In the presbytery of the church, Roberto Montenegro painted a mural titled The Tree of Life, also often referred to as the Tree of Science.[3] It is the first mural painted in modern Mexico.[7] It was restored in 2010, as part of the renovations for the new Museum of the Constitutions of Mexico.
Xavier Guerrero decorated the presbytery's dome in the 1920s, with paintings that were inspired by the zodiac.[5]
The walls of the cloister arcade had paintings by Dr. Atl and Robert Montenegro, but the works have been lost. The most important was titled The Festival of the Cross, which was painted in the stairwell of the east patio.[4] In the stairway at the northwest corner of the cloister's patio, there is a fresco done by Roberto Montenegro in 1923, titled The Festival of the Holy Cross. It is said to have been done in a style to imitate fellow muralist Diego Rivera.[3] Later in the 1920s, an allegory of the Mexican Revolution titled The Iconographic Museum of the Revolution was begun in the cloister by Gabriel Fernández Ledesma, but was not finished.[5]

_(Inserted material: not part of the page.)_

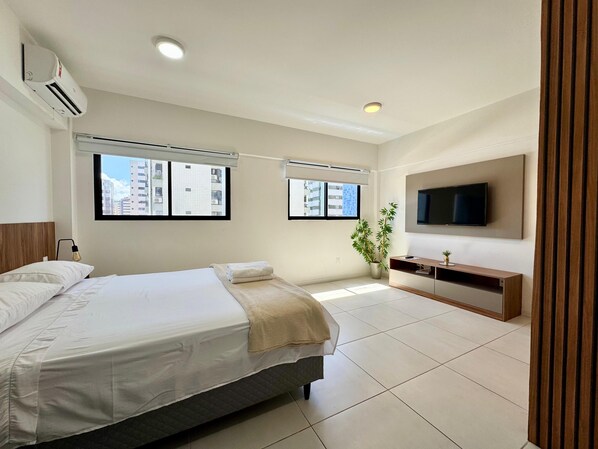 1 bedroom, iron/ironing board, internet, bed sheets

See main article: Museum of Light, Mexico City. The Museum of Light (Museo de la Luz), a part of UNAM−Universidad Nacional Autónoma de México, had exhibition space in San Pedro y San Pablo College from 1996 to 2010. It is a science museum dedicated to the phenomena of light and a contemporary art gallery for works of light art.[8]
The San Pedro y San Pablo College building was closed in 2010, in order to convert it into the Museum of the Constitutions. The Museum of Light moved out, and is now located in the colonial era San Ildefonso College building, also in the historic center of Mexico City.[8]
The Museum of the Constitutions of Mexico (Museo de las Constituciones), also part of UNAM, opened in 1911 in the former presbytery space of San Pedro y San Pablo.[7] [9] [10]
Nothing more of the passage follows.